Re: [PATCH v6 1/2] qom: new object to associate device to numa node

qemu-devel.nongnu.org archive mirror
 help / color / mirror / Atom feed

From: Jonathan Cameron via <qemu-devel@nongnu.org>
To: <ankita@nvidia.com>
Cc: <jgg@nvidia.com>, <alex.williamson@redhat.com>, <clg@redhat.com>,
	<shannon.zhaosl@gmail.com>, <peter.maydell@linaro.org>,
	<ani@anisinha.ca>, <berrange@redhat.com>, <eduardo@habkost.net>,
	<imammedo@redhat.com>, <mst@redhat.com>, <eblake@redhat.com>,
	<armbru@redhat.com>, <david@redhat.com>, <gshan@redhat.com>,
	<aniketa@nvidia.com>, <cjia@nvidia.com>, <kwankhede@nvidia.com>,
	<targupta@nvidia.com>, <vsethi@nvidia.com>, <acurrid@nvidia.com>,
	<dnigam@nvidia.com>, <udhoke@nvidia.com>, <qemu-arm@nongnu.org>,
	<qemu-devel@nongnu.org>
Subject: Re: [PATCH v6 1/2] qom: new object to associate device to numa node
Date: Tue, 2 Jan 2024 12:58:21 +0000	[thread overview]
Message-ID: <20240102125821.00001aa0@Huawei.com> (raw)
In-Reply-To: <20231225045603.7654-2-ankita@nvidia.com>

On Mon, 25 Dec 2023 10:26:02 +0530
<ankita@nvidia.com> wrote:

> From: Ankit Agrawal <ankita@nvidia.com>
> 
> NVIDIA GPU's support MIG (Mult-Instance GPUs) feature [1], which allows
> partitioning of the GPU device resources (including device memory) into
> several (upto 8) isolated instances.
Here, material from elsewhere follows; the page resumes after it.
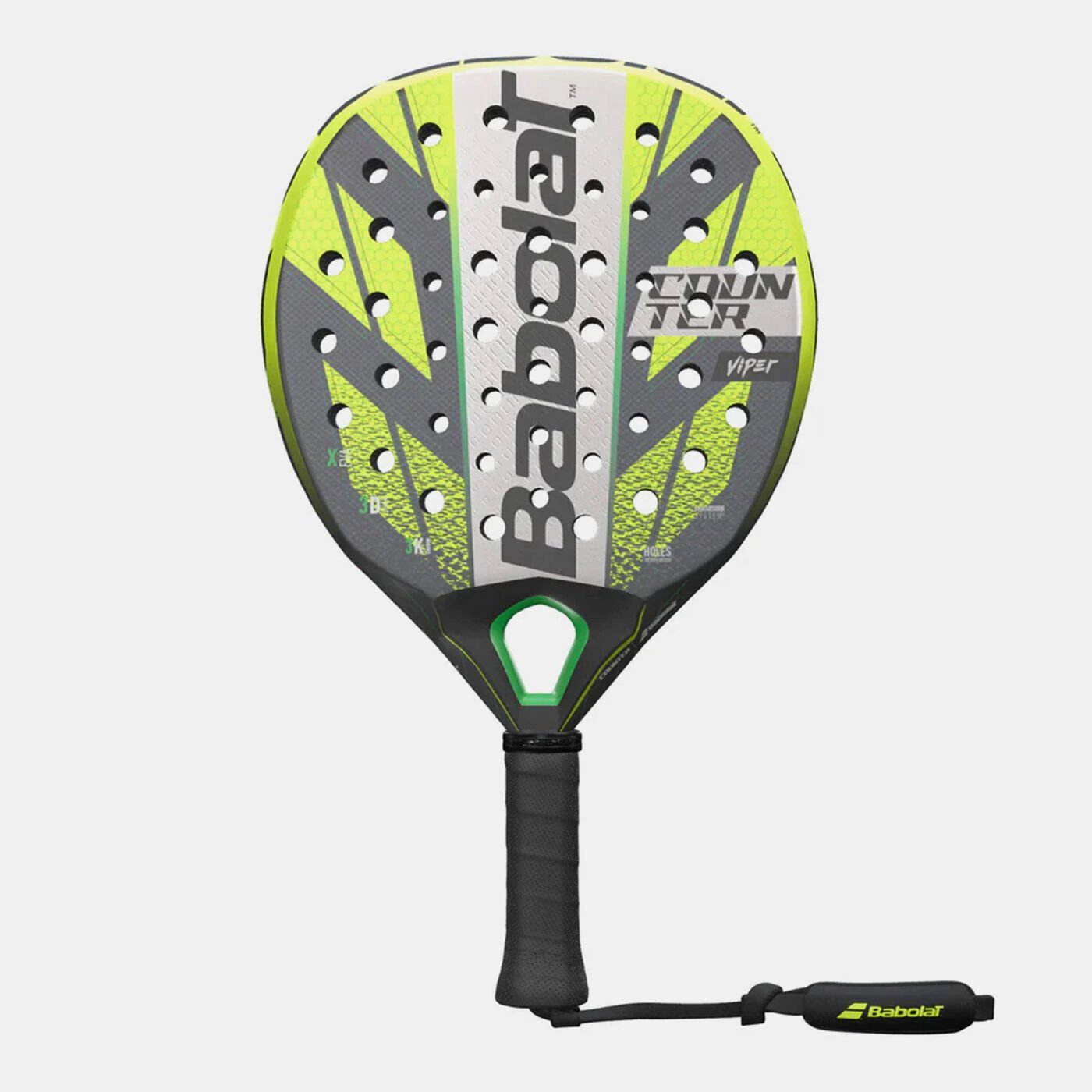 Counter Viper Padel Tennis Racket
Each of the partitioned memory needs
> a dedicated NUMA node to operate. The partitions are not fixed and they
> can be created/deleted at runtime.
> 
> Unfortunately Linux OS does not provide a means to dynamically create/destroy
> NUMA nodes and such feature implementation is not expected to be trivial. The
> nodes that OS discovers at the boot time while parsing SRAT remains fixed. So
> we utilize the Generic Initiator Affinity structures that allows association
> between nodes and devices. Multiple GI structures per BDF is possible,
> allowing creation of multiple nodes by exposing unique PXM in each of these
> structures.
> 
> Introduce a new acpi-generic-initiator object to allow host admin provide the
> device and the corresponding NUMA nodes. Qemu maintain this association and
> use this object to build the requisite GI Affinity Structure. On a multi
> device system, each device supporting the features needs a unique
> acpi-generic-initiator object with its own set of NUMA nodes associated to it.
> 
> An admin can provide the range of nodes through a uint16 array host-nodes
> and link it to a device by providing its id. Currently, only PCI device is
> supported. The following sample creates 8 nodes per PCI device for a VM
> with 2 PCI devices and link them to the respecitve PCI device using
> acpi-generic-initiator objects:
> 
> -numa node,nodeid=2 -numa node,nodeid=3 -numa node,nodeid=4 \
> -numa node,nodeid=5 -numa node,nodeid=6 -numa node,nodeid=7 \
> -numa node,nodeid=8 -numa node,nodeid=9 \
> -device vfio-pci-nohotplug,host=0009:01:00.0,bus=pcie.0,addr=04.0,rombar=0,id=dev0 \
> -object acpi-generic-initiator,id=gi0,pci-dev=dev0,host-nodes=2-9 \
> 
> -numa node,nodeid=10 -numa node,nodeid=11 -numa node,nodeid=12 \
> -numa node,nodeid=13 -numa node,nodeid=14 -numa node,nodeid=15 \
> -numa node,nodeid=16 -numa node,nodeid=17 \
> -device vfio-pci-nohotplug,host=0009:01:01.0,bus=pcie.0,addr=05.0,rombar=0,id=dev1 \
> -object acpi-generic-initiator,id=gi1,pci-dev=dev1,host-nodes=10-17 \

Hi Ankit,

Whilst I'm still not particularly keen on this use of GI nodes, the
infrastructure is now generic enough that it covers more normal use cases
so I'm almost fine with it going into QEMU. If you want to use it for unusual
things that's up to you ;)  Note that the following is about QEMU allowing
you to potentially shoot yourself in the foot rather than necessarily saying
the interface shouldn't allow a PCI dev to map to multiple GI nodes.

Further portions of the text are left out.